*** Opening of RECORDED INFORMATION ***
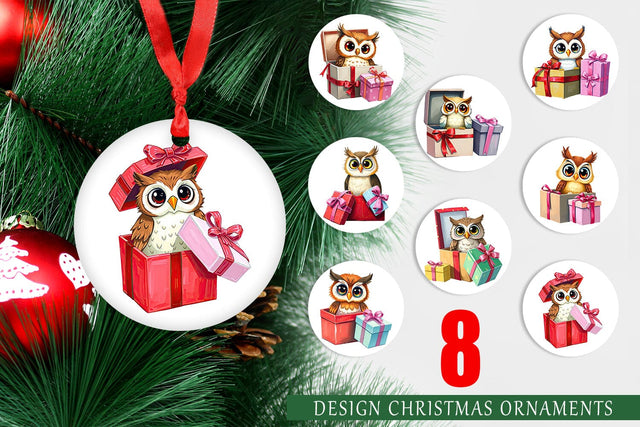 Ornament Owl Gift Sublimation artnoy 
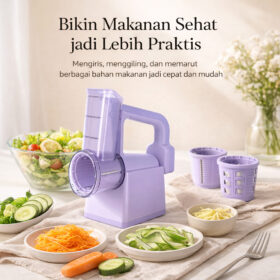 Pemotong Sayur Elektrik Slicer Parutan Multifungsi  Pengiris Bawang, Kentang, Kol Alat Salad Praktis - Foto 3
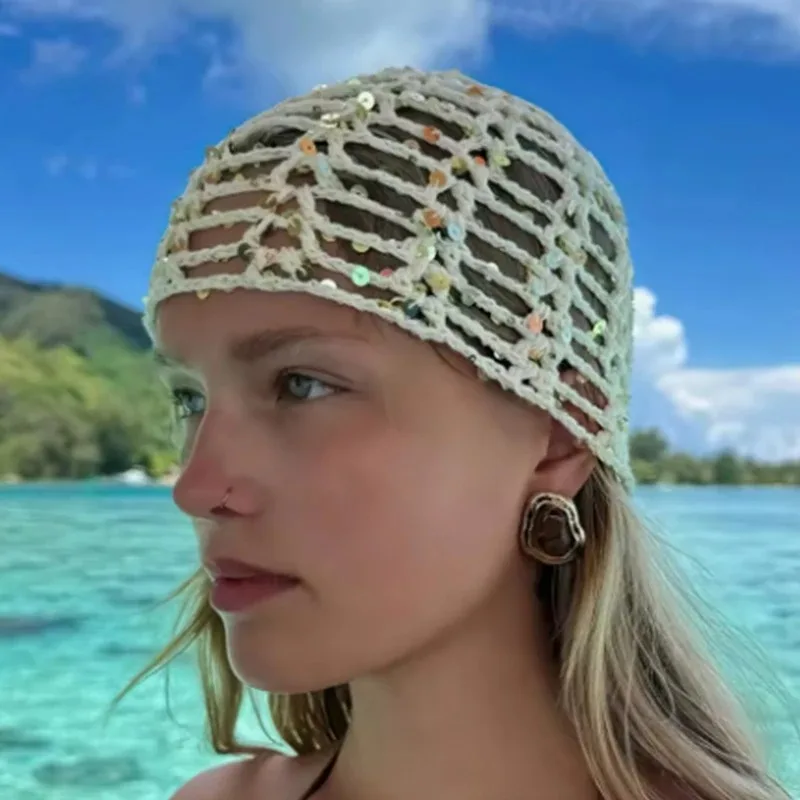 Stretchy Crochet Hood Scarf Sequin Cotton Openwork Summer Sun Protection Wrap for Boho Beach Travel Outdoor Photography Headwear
*** Close of RECORDED INFORMATION ***
*** Opening of RECORDED INFORMATION ***
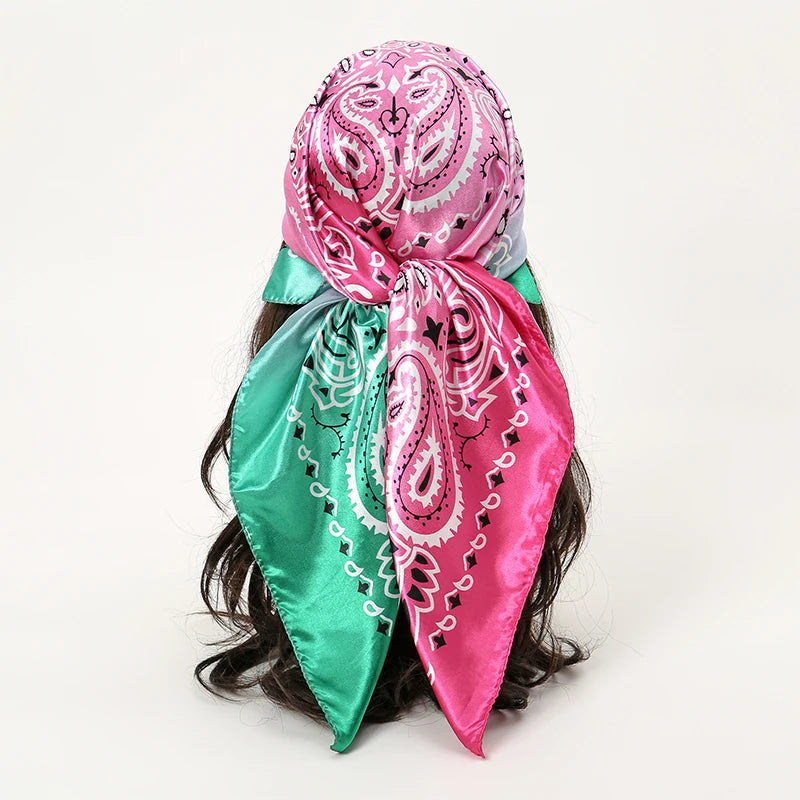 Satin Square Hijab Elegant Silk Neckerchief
*** Close of RECORDED INFORMATION ***
*** Opening of RECORDED INFORMATION ***
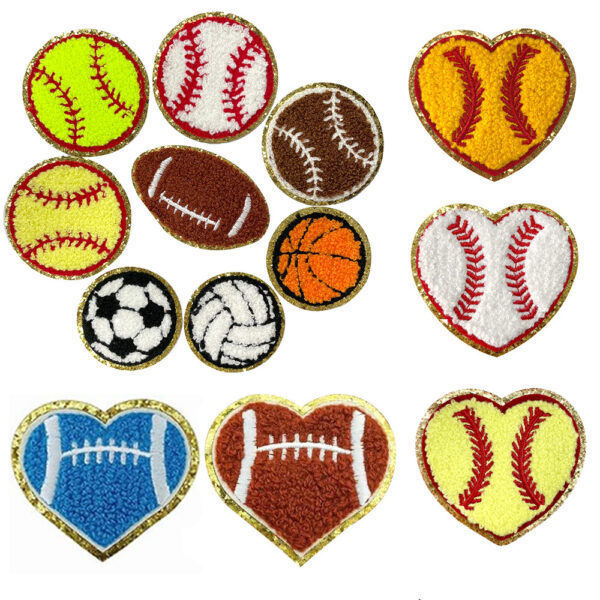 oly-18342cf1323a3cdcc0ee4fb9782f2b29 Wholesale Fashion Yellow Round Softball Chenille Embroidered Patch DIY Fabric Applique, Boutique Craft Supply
*** Close of RECORDED INFORMATION ***
Return the stretch of data that begins with the line showing "Ornament Owl Gift Sublimation artnoy" and goes on through the line showing "Pemotong Sayur Elektrik", exactly, with pictures removed.

_SOLUTION_
 Ornament Owl Gift Sublimation artnoy 
 Pemotong Sayur Elektrik Slicer Parutan Multifungsi  Pengiris Bawang, Kentang, Kol Alat Salad Praktis - Foto 3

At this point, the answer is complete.